(Stored data entries)
+ + +
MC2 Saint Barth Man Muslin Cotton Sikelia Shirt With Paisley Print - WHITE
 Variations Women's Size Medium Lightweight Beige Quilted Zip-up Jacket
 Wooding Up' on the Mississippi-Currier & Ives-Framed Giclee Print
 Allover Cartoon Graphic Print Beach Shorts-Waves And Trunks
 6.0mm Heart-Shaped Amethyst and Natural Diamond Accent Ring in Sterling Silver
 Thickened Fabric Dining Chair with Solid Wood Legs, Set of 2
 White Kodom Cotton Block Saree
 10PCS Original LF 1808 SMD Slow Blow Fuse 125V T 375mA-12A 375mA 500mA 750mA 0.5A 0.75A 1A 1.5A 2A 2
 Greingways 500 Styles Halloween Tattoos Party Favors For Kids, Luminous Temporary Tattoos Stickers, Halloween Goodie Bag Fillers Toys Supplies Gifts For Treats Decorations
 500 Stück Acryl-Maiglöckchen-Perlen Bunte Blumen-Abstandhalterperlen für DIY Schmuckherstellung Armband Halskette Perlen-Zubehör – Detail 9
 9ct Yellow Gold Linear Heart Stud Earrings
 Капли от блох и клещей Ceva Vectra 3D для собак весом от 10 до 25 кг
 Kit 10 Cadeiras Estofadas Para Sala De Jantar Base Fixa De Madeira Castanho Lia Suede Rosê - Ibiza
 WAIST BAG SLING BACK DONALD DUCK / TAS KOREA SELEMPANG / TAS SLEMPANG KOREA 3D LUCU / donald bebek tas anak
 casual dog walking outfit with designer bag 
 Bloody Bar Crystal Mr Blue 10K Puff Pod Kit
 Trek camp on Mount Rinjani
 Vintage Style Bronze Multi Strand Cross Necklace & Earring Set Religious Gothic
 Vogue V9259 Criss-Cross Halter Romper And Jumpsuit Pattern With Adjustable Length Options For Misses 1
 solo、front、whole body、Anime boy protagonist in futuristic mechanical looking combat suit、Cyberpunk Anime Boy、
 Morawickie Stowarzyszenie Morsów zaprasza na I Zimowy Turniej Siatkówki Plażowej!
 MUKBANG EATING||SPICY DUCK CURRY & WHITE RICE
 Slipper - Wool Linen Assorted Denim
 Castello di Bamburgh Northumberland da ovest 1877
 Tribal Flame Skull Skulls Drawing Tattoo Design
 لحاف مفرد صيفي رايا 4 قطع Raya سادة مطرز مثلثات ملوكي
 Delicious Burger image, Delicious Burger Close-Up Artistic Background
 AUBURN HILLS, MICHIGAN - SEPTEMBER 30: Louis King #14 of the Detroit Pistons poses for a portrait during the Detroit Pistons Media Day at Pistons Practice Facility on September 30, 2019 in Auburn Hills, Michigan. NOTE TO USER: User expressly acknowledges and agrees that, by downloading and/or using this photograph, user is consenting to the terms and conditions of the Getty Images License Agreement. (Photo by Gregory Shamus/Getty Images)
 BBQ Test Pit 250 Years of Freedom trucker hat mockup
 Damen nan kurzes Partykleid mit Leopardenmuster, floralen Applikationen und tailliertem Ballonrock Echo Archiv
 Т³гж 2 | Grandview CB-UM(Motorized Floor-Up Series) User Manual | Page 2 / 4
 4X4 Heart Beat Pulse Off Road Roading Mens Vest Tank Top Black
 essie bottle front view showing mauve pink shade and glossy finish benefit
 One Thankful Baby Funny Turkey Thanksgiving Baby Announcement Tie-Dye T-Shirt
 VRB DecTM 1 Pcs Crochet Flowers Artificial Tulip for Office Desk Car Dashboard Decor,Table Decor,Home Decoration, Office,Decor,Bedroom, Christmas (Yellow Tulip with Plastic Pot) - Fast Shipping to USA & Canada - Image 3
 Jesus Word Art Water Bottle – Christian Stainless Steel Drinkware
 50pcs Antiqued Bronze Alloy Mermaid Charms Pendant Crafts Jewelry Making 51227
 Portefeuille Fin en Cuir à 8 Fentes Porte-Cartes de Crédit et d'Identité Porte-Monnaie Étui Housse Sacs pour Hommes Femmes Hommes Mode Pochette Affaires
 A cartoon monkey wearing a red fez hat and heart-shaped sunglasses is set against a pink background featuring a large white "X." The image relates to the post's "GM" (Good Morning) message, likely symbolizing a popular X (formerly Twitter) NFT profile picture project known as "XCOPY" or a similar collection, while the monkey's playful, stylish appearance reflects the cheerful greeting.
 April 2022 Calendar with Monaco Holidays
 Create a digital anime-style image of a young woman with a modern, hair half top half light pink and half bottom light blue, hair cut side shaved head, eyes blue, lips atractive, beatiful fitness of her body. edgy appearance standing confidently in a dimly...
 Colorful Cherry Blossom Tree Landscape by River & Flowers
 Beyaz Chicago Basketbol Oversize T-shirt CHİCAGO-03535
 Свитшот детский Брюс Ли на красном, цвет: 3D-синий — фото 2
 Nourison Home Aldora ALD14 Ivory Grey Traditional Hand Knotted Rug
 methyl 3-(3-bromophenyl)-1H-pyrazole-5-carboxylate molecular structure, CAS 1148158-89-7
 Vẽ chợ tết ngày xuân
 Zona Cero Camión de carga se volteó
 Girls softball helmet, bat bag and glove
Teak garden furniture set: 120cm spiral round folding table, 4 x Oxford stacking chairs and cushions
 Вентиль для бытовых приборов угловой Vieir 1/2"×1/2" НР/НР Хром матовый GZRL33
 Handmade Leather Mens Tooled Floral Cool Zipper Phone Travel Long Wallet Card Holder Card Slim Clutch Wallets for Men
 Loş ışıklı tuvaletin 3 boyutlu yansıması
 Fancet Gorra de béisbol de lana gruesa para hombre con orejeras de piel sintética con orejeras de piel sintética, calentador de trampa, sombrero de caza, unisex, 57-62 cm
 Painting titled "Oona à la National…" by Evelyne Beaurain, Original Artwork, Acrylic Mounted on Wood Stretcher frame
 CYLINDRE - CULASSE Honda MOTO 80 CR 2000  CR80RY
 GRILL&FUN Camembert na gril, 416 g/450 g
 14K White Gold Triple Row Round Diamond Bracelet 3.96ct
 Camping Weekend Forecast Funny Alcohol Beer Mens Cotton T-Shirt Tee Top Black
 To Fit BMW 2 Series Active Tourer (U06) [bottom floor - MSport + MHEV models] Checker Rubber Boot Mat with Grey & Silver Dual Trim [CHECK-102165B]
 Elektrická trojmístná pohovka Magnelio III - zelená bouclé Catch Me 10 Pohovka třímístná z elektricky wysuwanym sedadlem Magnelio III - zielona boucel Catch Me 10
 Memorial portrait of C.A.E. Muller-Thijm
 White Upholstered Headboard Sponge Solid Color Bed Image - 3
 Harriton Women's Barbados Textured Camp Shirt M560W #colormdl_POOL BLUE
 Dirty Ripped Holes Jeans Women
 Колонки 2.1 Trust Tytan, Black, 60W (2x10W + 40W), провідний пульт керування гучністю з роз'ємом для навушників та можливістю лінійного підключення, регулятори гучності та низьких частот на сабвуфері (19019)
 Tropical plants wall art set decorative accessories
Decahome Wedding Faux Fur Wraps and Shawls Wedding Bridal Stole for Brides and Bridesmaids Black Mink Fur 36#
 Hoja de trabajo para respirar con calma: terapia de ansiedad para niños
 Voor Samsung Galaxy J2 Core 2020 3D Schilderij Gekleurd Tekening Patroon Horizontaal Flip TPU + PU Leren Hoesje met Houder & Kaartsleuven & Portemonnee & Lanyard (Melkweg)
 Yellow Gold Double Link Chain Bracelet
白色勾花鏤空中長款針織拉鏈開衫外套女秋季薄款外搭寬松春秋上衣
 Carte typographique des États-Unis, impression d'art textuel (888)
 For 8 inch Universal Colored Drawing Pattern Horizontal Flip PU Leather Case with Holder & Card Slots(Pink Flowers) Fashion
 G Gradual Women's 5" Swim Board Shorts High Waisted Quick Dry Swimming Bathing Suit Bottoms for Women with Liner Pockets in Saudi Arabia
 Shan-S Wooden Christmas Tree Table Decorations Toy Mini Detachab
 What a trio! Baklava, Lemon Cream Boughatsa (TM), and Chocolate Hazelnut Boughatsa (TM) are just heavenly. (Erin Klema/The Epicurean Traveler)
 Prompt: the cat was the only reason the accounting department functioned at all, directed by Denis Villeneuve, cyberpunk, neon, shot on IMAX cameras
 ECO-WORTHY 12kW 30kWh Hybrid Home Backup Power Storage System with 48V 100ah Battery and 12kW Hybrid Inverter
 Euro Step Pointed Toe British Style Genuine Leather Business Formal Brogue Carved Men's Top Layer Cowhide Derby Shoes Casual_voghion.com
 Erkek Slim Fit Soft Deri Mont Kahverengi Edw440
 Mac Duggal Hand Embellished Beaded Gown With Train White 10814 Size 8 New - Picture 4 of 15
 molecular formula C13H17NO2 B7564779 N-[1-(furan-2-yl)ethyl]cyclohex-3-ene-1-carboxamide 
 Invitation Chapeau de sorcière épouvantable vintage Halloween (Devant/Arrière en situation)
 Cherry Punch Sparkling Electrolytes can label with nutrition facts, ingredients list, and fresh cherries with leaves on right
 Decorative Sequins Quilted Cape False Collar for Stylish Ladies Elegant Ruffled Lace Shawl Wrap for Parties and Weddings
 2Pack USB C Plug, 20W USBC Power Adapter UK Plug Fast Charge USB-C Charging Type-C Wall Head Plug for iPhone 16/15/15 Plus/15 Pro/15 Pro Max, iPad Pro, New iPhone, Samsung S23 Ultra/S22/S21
+ + +
Which lines above run from the one containing "Teak garden furniture" to the one containing "Hoja de trabajo"? Give them again exactly, both ends included.

▶ ANSWER SPACE
Teak garden furniture set: 120cm spiral round folding table, 4 x Oxford stacking chairs and cushions
 Вентиль для бытовых приборов угловой Vieir 1/2"×1/2" НР/НР Хром матовый GZRL33
 Handmade Leather Mens Tooled Floral Cool Zipper Phone Travel Long Wallet Card Holder Card Slim Clutch Wallets for Men
 Loş ışıklı tuvaletin 3 boyutlu yansıması
 Fancet Gorra de béisbol de lana gruesa para hombre con orejeras de piel sintética con orejeras de piel sintética, calentador de trampa, sombrero de caza, unisex, 57-62 cm
 Painting titled "Oona à la National…" by Evelyne Beaurain, Original Artwork, Acrylic Mounted on Wood Stretcher frame
 CYLINDRE - CULASSE Honda MOTO 80 CR 2000  CR80RY
 GRILL&FUN Camembert na gril, 416 g/450 g
 14K White Gold Triple Row Round Diamond Bracelet 3.96ct
 Camping Weekend Forecast Funny Alcohol Beer Mens Cotton T-Shirt Tee Top Black
 To Fit BMW 2 Series Active Tourer (U06) [bottom floor - MSport + MHEV models] Checker Rubber Boot Mat with Grey & Silver Dual Trim [CHECK-102165B]
 Elektrická trojmístná pohovka Magnelio III - zelená bouclé Catch Me 10 Pohovka třímístná z elektricky wysuwanym sedadlem Magnelio III - zielona boucel Catch Me 10
 Memorial portrait of C.A.E. Muller-Thijm
 White Upholstered Headboard Sponge Solid Color Bed Image - 3
 Harriton Women's Barbados Textured Camp Shirt M560W #colormdl_POOL BLUE
 Dirty Ripped Holes Jeans Women
 Колонки 2.1 Trust Tytan, Black, 60W (2x10W + 40W), провідний пульт керування гучністю з роз'ємом для навушників та можливістю лінійного підключення, регулятори гучності та низьких частот на сабвуфері (19019)
 Tropical plants wall art set decorative accessories
Decahome Wedding Faux Fur Wraps and Shawls Wedding Bridal Stole for Brides and Bridesmaids Black Mink Fur 36#
 Hoja de trabajo para respirar con calma: terapia de ansiedad para niños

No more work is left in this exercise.